Action item ▸ Starting at the line that contains "DOUBLE LAYER SHEER MIDI SKIRT", quote each line exactly through the last line of the entries, both included.

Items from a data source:
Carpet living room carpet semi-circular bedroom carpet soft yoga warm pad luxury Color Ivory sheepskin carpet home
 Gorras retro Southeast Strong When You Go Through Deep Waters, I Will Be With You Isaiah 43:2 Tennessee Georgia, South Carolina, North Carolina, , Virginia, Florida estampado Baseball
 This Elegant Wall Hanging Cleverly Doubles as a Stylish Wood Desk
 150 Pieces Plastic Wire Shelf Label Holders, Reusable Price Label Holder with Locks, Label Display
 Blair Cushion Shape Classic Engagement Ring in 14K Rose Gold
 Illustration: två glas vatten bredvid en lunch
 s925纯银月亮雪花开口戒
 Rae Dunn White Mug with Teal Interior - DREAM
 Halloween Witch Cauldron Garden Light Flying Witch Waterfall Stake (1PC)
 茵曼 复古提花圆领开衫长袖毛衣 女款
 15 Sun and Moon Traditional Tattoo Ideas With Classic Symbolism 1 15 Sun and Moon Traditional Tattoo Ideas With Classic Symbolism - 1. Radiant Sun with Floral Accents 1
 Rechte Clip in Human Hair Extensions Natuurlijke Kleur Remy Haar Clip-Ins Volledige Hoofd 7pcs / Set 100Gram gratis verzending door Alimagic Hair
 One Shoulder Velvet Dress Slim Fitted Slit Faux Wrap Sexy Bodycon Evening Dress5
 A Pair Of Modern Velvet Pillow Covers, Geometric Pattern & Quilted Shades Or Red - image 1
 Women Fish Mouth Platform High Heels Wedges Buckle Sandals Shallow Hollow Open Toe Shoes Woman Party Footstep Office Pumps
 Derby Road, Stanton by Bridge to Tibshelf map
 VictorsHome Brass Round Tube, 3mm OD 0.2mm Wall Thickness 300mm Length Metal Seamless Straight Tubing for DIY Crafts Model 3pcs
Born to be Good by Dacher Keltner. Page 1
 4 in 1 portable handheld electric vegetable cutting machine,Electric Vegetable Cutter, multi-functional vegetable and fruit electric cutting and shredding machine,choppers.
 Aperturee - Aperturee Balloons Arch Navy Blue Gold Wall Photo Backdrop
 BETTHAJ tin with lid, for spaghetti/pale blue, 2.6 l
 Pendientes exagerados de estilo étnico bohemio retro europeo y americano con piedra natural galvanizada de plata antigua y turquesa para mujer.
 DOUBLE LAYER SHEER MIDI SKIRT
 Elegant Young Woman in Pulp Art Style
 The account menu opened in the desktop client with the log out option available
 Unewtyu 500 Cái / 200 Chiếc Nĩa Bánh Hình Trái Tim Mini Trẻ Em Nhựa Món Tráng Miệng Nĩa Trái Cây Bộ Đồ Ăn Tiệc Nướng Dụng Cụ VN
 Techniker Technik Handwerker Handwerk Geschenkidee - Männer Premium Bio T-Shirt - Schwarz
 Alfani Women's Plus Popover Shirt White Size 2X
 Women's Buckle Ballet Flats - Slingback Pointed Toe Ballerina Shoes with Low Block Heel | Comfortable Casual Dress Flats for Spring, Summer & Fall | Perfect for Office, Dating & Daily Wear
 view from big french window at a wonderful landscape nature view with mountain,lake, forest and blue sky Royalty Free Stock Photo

Task output ▸
 DOUBLE LAYER SHEER MIDI SKIRT
 Elegant Young Woman in Pulp Art Style
 The account menu opened in the desktop client with the log out option available
 Unewtyu 500 Cái / 200 Chiếc Nĩa Bánh Hình Trái Tim Mini Trẻ Em Nhựa Món Tráng Miệng Nĩa Trái Cây Bộ Đồ Ăn Tiệc Nướng Dụng Cụ VN
 Techniker Technik Handwerker Handwerk Geschenkidee - Männer Premium Bio T-Shirt - Schwarz
 Alfani Women's Plus Popover Shirt White Size 2X
 Women's Buckle Ballet Flats - Slingback Pointed Toe Ballerina Shoes with Low Block Heel | Comfortable Casual Dress Flats for Spring, Summer & Fall | Perfect for Office, Dating & Daily Wear
 view from big french window at a wonderful landscape nature view with mountain,lake, forest and blue sky Royalty Free Stock Photo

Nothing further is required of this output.